---- DATA SECTION
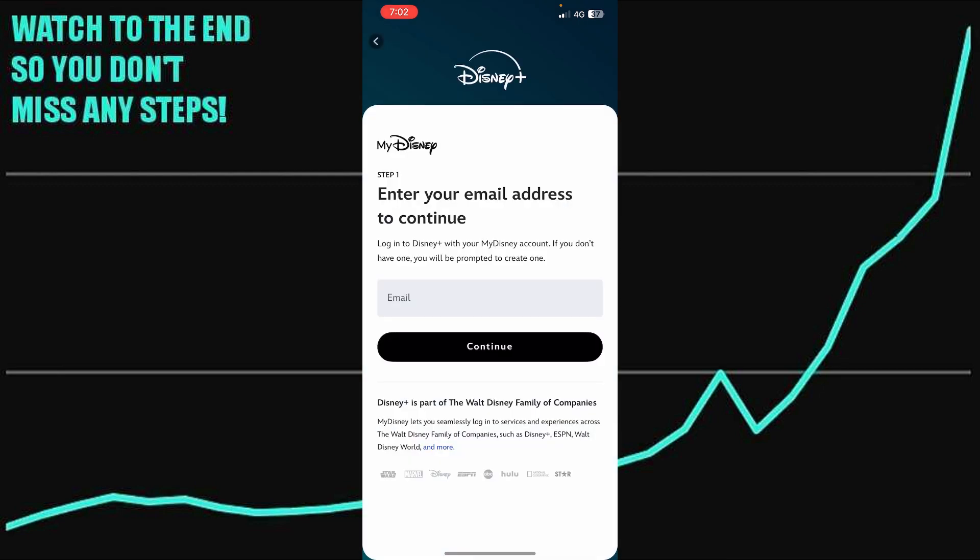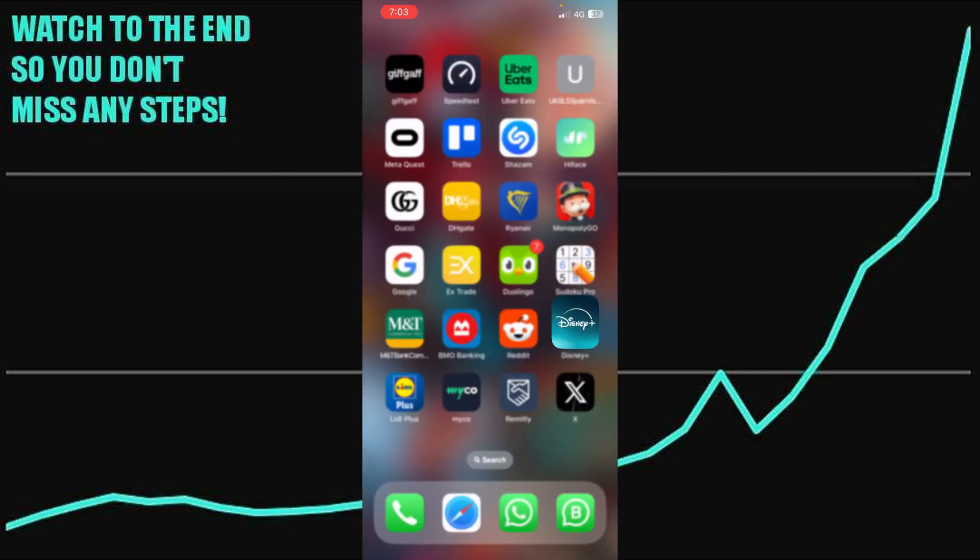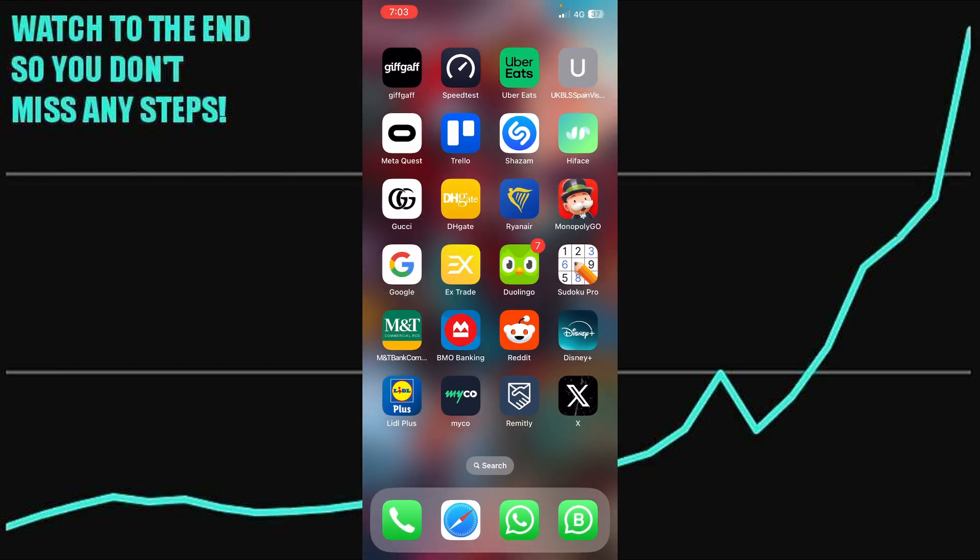After selecting the plan, simply choose the payment method you will be using. The first payment method will be Apple Pay — just choose that. In Apple Pay you can attach a different type of card as well, or you can pay using a credit or debit card right on Disney Plus. Just choose the right one and that's pretty much it.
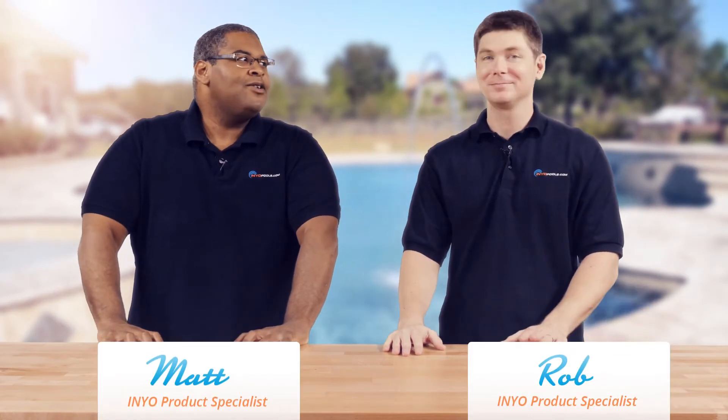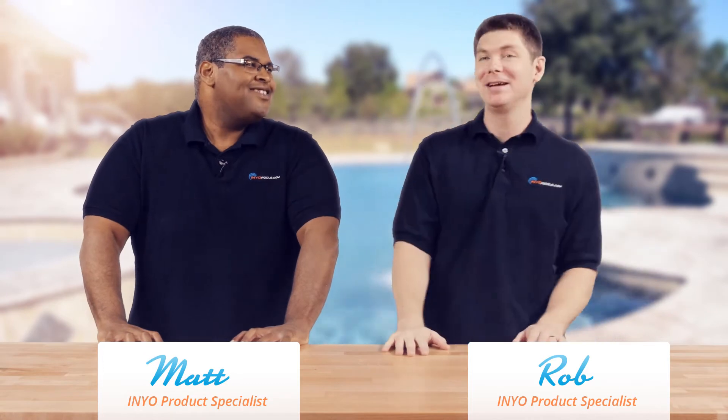Hello and welcome back to another Poolside Chat presented by InyoPools.com. I'm Rob. And I'm Matthew. Top of the morning to ya. You like my Irish? It's alright — it was my Jamaican.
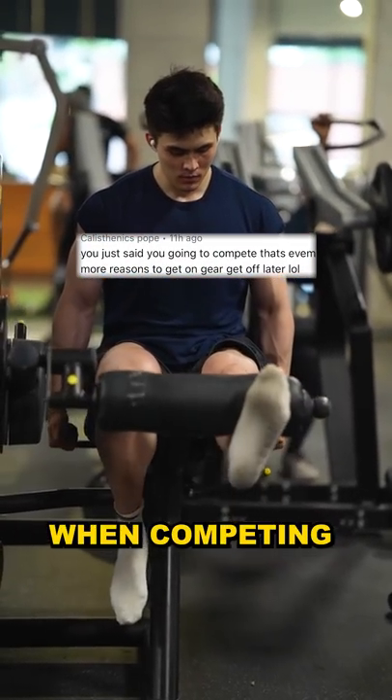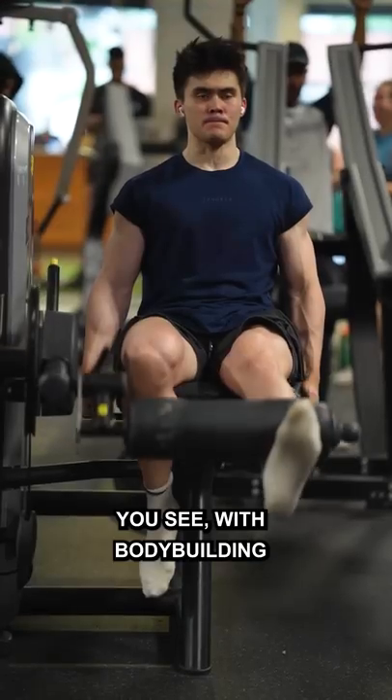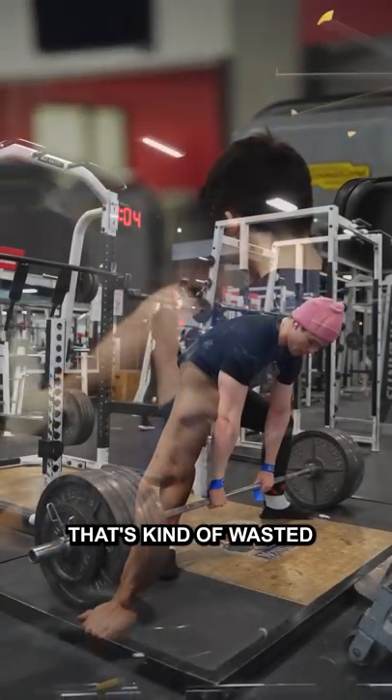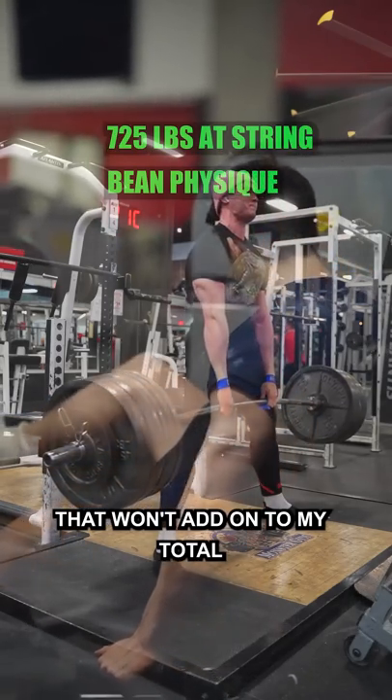Why do I look like I'm off gear when competing in powerlifting? Well, it's quite simple — I'm overweight from my category. With bodybuilding training, there's a lot of real estate on my body that's kind of wasted with muscle mass and hypertrophy training in muscle groups that won't add on to my total.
--------
TASK REQUIREMENTS -
Please set down each line of the data above exactly as written, without the pictures.

ANSWER AREA -
After selecting the plan, simply choose the payment method you will be using. The first payment method will be Apple Pay — just choose that. In Apple Pay you can attach a different type of card as well, or you can pay using a credit or debit card right on Disney Plus. Just choose the right one and that's pretty much it.
Hello and welcome back to another Poolside Chat presented by InyoPools.com. I'm Rob. And I'm Matthew. Top of the morning to ya. You like my Irish? It's alright — it was my Jamaican.
Why do I look like I'm off gear when competing in powerlifting? Well, it's quite simple — I'm overweight from my category. With bodybuilding training, there's a lot of real estate on my body that's kind of wasted with muscle mass and hypertrophy training in muscle groups that won't add on to my total.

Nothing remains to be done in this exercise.